(Stored data)
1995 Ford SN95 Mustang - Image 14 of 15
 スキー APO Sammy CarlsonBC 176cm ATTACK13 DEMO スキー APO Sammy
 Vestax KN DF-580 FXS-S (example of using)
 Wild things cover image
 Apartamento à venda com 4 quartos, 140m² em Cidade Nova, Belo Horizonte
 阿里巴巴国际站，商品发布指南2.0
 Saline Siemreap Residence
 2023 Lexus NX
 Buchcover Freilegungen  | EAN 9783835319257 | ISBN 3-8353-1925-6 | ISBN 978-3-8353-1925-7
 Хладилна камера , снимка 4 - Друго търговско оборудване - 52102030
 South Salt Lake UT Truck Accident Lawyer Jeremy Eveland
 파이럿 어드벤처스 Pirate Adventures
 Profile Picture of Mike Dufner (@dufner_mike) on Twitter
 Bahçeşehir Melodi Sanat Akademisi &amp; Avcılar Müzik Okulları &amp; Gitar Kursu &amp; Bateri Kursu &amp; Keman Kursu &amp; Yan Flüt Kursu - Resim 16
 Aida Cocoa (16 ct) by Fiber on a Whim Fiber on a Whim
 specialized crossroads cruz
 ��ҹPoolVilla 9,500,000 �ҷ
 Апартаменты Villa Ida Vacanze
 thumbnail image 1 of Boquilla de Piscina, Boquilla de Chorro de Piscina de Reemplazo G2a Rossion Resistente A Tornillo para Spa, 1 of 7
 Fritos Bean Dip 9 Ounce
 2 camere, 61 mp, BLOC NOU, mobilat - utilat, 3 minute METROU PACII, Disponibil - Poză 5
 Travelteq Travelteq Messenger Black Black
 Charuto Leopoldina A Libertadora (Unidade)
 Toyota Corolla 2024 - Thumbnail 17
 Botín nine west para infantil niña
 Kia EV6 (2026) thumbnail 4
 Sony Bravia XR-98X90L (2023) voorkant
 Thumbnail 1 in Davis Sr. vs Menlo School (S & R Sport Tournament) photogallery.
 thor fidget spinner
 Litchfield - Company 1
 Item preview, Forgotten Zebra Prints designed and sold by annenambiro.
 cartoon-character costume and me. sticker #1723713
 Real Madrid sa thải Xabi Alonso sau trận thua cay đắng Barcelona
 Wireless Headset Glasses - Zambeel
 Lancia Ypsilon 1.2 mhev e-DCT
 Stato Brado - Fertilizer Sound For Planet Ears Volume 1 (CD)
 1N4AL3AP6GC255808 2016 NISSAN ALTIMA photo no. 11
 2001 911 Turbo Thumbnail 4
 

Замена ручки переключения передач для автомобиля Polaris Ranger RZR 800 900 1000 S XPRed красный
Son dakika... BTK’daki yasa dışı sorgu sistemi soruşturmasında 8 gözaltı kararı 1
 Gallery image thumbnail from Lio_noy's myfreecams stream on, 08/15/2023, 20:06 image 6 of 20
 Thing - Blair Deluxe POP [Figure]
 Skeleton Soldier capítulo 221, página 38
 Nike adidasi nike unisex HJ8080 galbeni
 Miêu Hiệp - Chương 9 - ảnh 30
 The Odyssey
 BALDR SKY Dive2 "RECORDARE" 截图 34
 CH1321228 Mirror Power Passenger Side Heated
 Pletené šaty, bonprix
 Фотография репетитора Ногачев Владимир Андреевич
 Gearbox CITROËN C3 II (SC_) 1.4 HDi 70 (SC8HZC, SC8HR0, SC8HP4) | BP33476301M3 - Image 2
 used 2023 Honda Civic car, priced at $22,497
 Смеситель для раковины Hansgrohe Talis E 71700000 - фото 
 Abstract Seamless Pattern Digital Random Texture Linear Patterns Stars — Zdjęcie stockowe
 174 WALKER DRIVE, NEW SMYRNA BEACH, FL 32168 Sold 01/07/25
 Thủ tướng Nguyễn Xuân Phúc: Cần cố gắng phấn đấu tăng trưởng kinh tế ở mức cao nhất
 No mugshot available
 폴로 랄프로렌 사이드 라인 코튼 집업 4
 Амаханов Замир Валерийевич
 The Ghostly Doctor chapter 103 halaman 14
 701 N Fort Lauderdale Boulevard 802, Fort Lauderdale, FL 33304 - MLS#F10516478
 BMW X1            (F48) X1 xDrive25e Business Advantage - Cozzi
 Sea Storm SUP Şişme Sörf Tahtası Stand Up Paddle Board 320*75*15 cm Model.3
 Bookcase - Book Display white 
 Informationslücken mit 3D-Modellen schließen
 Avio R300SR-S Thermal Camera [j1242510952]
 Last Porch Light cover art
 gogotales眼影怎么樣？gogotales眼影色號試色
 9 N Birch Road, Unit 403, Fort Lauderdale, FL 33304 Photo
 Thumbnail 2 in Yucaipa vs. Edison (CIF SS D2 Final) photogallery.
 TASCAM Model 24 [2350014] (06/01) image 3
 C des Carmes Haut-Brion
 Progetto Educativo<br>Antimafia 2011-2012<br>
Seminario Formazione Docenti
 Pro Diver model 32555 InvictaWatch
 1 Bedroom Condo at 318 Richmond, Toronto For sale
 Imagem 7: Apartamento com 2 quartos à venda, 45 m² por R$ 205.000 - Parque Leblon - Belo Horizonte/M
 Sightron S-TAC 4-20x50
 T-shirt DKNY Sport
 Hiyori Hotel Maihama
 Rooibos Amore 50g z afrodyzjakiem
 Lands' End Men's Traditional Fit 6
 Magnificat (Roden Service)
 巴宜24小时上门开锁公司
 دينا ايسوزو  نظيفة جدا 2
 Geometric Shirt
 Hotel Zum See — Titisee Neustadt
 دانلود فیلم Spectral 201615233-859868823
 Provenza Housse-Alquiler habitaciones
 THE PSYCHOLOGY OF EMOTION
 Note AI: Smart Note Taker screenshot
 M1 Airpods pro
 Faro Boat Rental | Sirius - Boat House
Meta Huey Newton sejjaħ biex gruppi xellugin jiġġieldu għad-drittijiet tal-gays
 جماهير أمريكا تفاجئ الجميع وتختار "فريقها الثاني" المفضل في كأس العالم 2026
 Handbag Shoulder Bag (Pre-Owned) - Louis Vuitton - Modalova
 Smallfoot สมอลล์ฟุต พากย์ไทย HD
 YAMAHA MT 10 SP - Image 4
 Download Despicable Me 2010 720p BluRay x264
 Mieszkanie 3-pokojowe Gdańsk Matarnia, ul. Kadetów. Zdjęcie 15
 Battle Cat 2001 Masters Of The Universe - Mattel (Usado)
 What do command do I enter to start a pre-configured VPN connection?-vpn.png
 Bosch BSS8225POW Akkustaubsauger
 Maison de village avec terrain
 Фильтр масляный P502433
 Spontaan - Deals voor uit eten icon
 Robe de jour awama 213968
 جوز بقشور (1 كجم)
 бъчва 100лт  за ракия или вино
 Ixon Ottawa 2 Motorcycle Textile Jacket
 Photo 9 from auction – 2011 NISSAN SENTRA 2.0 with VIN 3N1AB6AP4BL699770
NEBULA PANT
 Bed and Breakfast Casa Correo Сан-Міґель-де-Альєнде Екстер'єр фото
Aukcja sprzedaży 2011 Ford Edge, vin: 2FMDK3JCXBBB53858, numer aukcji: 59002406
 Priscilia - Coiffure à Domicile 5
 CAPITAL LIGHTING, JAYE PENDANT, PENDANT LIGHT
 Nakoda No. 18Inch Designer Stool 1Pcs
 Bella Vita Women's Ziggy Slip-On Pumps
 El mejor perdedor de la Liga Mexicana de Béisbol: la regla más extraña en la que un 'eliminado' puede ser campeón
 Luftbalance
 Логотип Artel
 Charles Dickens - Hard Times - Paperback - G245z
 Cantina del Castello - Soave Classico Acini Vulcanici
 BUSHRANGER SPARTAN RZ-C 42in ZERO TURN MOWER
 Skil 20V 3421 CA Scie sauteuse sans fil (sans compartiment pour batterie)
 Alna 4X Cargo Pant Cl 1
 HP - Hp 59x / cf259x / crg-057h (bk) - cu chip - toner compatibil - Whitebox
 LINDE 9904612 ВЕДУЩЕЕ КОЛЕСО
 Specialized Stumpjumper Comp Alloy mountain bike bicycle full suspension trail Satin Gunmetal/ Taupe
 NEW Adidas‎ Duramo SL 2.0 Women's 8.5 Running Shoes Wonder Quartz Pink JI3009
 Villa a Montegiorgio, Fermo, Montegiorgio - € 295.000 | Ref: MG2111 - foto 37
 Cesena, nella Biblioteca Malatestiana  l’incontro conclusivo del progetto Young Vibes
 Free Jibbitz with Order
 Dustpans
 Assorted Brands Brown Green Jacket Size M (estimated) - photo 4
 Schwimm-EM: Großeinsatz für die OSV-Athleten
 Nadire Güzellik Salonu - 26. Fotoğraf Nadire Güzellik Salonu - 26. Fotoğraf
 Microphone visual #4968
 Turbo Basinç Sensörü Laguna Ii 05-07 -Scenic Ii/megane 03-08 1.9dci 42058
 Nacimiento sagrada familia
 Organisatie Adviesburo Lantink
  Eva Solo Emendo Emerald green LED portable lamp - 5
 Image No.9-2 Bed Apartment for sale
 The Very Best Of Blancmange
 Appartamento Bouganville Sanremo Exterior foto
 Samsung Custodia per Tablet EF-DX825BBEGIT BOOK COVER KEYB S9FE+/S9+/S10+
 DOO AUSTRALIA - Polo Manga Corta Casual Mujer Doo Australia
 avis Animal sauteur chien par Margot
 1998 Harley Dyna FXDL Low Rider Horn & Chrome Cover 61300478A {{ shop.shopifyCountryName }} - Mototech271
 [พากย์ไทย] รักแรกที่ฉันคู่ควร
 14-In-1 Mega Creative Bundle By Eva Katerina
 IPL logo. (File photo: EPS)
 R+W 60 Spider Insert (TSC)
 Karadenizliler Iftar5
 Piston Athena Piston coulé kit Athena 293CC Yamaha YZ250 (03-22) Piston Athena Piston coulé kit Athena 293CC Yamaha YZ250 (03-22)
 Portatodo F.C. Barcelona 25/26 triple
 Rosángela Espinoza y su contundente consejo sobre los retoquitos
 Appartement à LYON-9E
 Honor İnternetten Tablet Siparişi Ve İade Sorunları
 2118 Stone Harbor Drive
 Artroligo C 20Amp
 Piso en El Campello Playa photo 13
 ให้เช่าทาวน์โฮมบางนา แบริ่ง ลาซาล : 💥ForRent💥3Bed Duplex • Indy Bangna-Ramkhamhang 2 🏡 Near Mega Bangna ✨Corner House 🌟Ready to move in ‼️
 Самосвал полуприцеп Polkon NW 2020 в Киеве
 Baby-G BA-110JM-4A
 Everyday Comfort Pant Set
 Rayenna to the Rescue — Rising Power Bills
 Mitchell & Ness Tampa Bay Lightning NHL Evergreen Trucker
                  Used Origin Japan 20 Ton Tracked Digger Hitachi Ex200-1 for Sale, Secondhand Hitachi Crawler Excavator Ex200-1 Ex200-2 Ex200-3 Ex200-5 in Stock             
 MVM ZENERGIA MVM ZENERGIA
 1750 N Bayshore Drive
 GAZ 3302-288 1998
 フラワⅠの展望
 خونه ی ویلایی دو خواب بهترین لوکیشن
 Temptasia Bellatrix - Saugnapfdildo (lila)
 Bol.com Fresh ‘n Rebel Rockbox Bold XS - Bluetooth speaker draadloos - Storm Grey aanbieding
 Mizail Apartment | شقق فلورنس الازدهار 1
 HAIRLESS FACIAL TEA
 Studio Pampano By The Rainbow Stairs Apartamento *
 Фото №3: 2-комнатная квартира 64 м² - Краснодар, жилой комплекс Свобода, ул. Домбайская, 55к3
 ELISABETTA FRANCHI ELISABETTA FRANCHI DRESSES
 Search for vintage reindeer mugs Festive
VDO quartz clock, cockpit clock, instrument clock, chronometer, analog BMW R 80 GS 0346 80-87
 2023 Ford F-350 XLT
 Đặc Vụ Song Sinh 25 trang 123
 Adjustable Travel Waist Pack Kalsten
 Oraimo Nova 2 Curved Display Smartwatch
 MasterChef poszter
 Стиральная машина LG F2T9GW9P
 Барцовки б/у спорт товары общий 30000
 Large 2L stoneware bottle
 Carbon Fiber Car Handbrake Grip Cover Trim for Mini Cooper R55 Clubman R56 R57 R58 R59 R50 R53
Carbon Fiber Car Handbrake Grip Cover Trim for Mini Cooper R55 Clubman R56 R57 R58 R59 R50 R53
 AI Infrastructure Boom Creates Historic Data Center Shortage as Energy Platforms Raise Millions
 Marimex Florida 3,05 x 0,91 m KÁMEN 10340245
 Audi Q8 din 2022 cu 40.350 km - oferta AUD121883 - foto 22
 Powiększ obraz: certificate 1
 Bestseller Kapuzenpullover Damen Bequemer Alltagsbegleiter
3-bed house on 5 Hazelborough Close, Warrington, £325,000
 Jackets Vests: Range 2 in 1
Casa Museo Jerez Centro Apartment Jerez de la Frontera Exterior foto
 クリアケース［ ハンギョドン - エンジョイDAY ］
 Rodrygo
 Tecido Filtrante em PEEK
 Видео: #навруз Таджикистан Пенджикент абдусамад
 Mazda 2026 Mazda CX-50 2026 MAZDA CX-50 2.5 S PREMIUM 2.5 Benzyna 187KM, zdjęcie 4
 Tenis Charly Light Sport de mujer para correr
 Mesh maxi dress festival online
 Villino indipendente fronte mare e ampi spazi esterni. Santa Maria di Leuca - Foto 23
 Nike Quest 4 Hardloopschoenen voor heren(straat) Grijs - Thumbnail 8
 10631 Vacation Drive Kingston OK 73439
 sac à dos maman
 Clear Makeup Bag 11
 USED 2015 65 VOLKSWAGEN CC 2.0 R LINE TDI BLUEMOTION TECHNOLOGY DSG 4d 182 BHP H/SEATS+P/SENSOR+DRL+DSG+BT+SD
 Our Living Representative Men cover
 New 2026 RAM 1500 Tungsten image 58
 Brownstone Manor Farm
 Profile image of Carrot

▶ _What you will do_
Write out each line above that contains the word "Hotel".

▶ _Written solution_
 Hiyori Hotel Maihama
 Hotel Zum See — Titisee Neustadt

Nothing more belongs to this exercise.